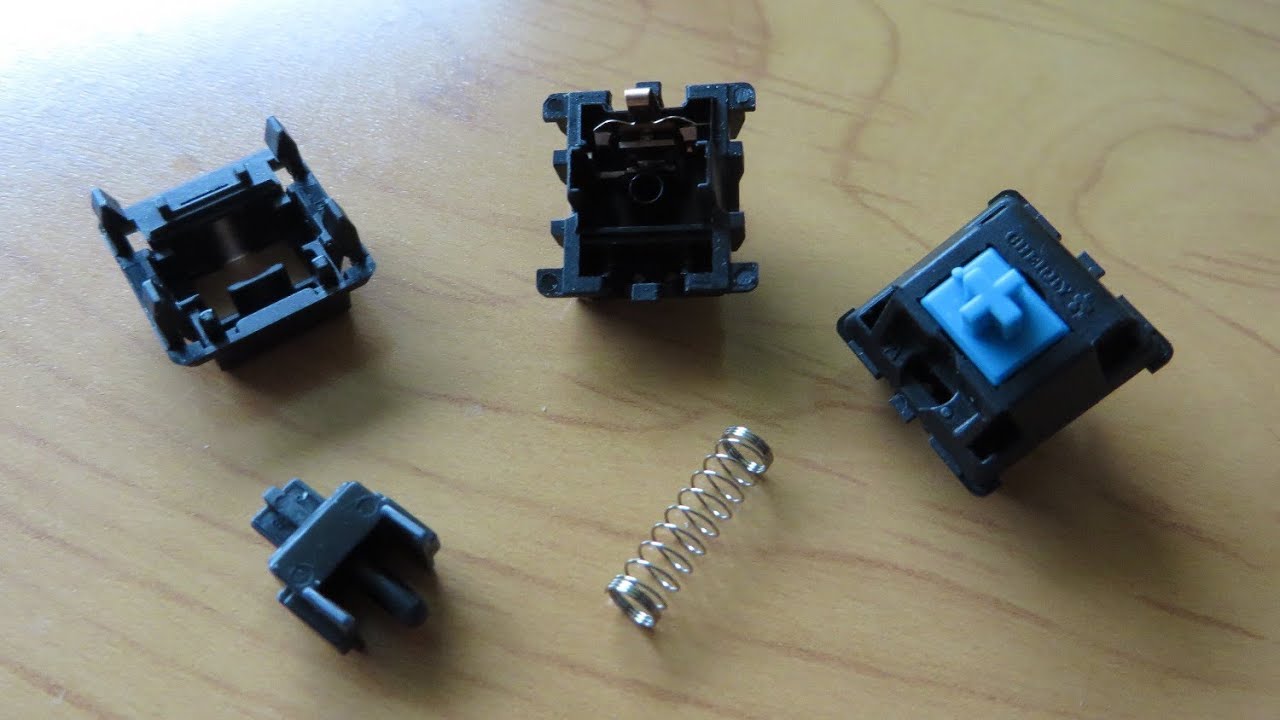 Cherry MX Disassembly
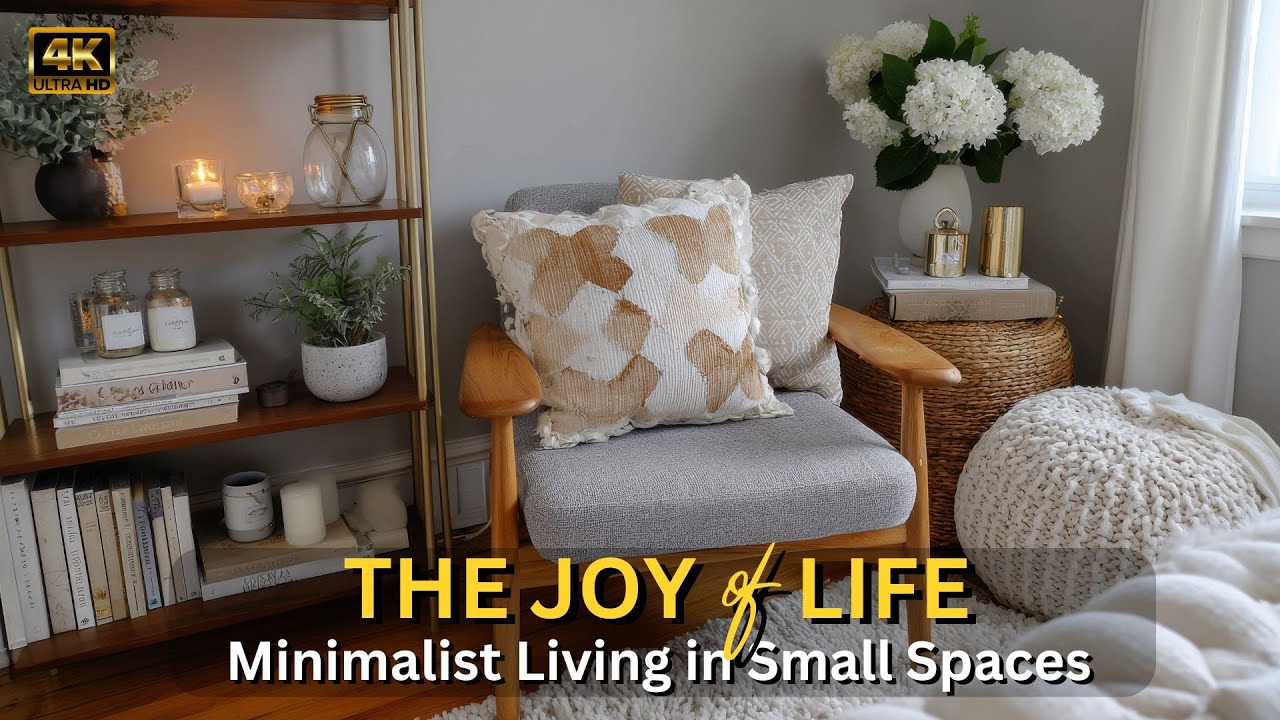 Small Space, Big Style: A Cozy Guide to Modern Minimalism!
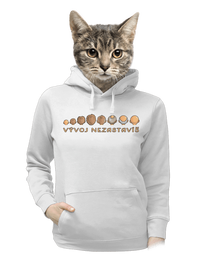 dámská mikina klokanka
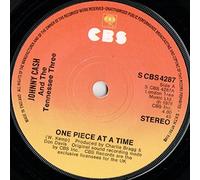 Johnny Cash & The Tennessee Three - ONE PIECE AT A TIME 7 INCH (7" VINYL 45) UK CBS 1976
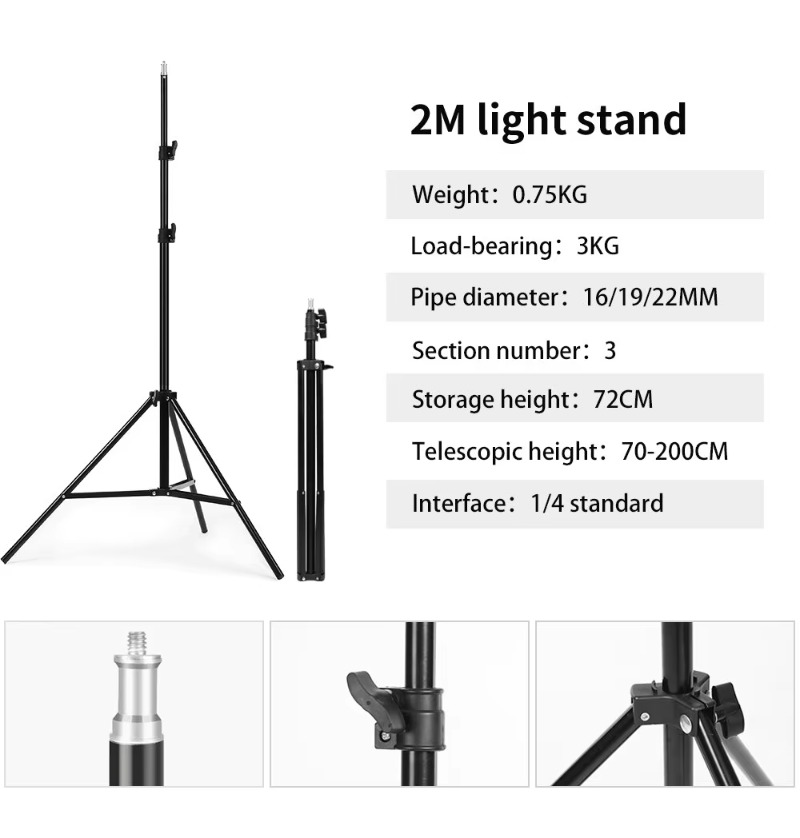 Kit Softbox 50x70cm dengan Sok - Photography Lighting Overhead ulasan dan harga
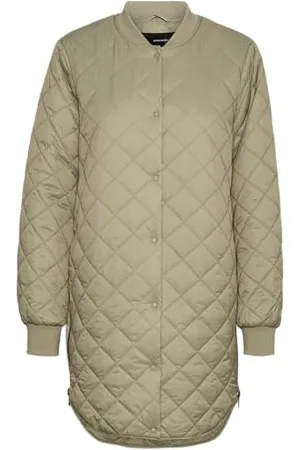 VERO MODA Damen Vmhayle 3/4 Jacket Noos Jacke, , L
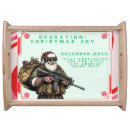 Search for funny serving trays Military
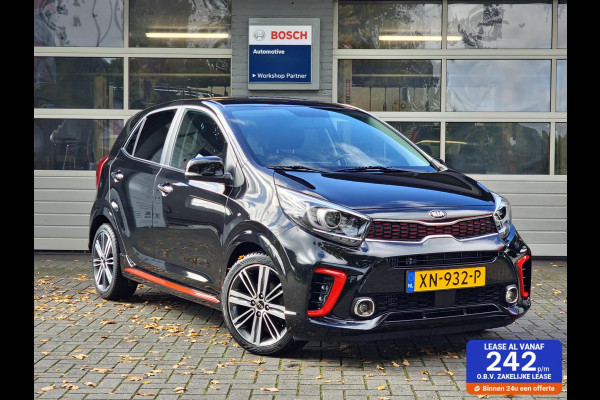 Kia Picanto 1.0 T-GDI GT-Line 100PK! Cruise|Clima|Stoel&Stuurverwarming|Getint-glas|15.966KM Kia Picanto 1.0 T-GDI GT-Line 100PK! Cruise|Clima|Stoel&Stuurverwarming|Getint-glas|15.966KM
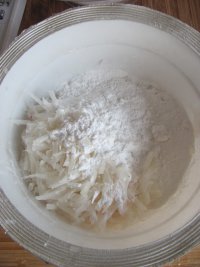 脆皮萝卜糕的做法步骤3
──────
§ **Work request**
Using the material above, return every line exactly as it appears, minus the pictures.

§ **Reply**
 Cherry MX Disassembly
 Small Space, Big Style: A Cozy Guide to Modern Minimalism!
 dámská mikina klokanka
 Johnny Cash & The Tennessee Three - ONE PIECE AT A TIME 7 INCH (7" VINYL 45) UK CBS 1976
 Kit Softbox 50x70cm dengan Sok - Photography Lighting Overhead ulasan dan harga
 VERO MODA Damen Vmhayle 3/4 Jacket Noos Jacke, , L
 Search for funny serving trays Military
 Kia Picanto 1.0 T-GDI GT-Line 100PK! Cruise|Clima|Stoel&Stuurverwarming|Getint-glas|15.966KM Kia Picanto 1.0 T-GDI GT-Line 100PK! Cruise|Clima|Stoel&Stuurverwarming|Getint-glas|15.966KM
 脆皮萝卜糕的做法步骤3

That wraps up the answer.